Information supplied:
§
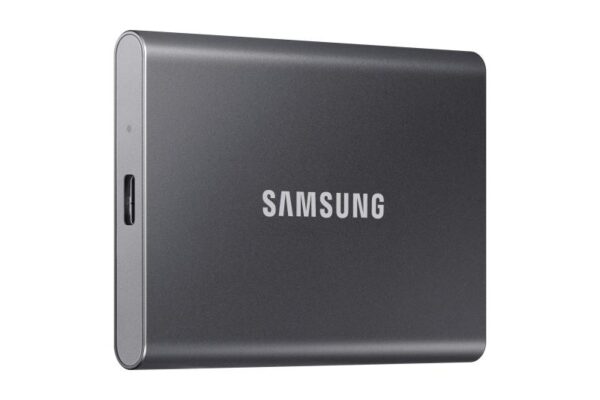 SSD Extern Samsung T7, 2TB, Titan Gray, USB 3.2 - MU-PC2T0T/WW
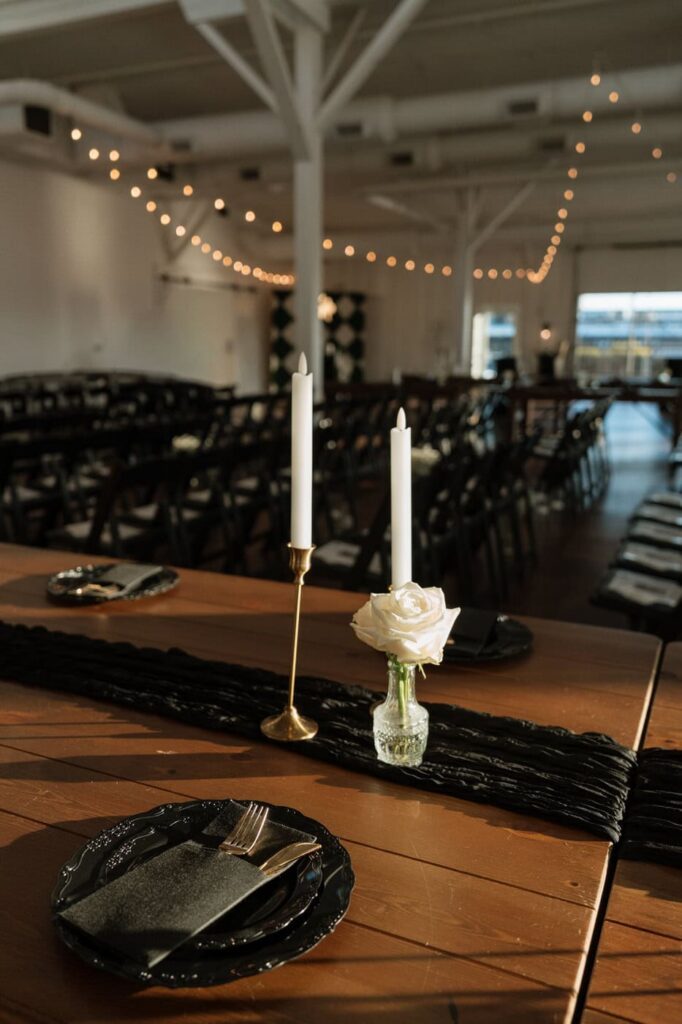 Wedding reception details at 14Tenn in Nashville Tennessee
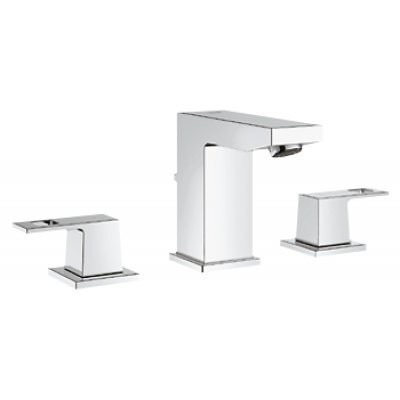 Cмеситель для умывальника Grohe Eurocube, двухвентильный, хром (20351000)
§
About this task: With the pictures removed, return the listing above in its exact original wording.

Answer box:
 SSD Extern Samsung T7, 2TB, Titan Gray, USB 3.2 - MU-PC2T0T/WW
 Wedding reception details at 14Tenn in Nashville Tennessee
 Cмеситель для умывальника Grohe Eurocube, двухвентильный, хром (20351000)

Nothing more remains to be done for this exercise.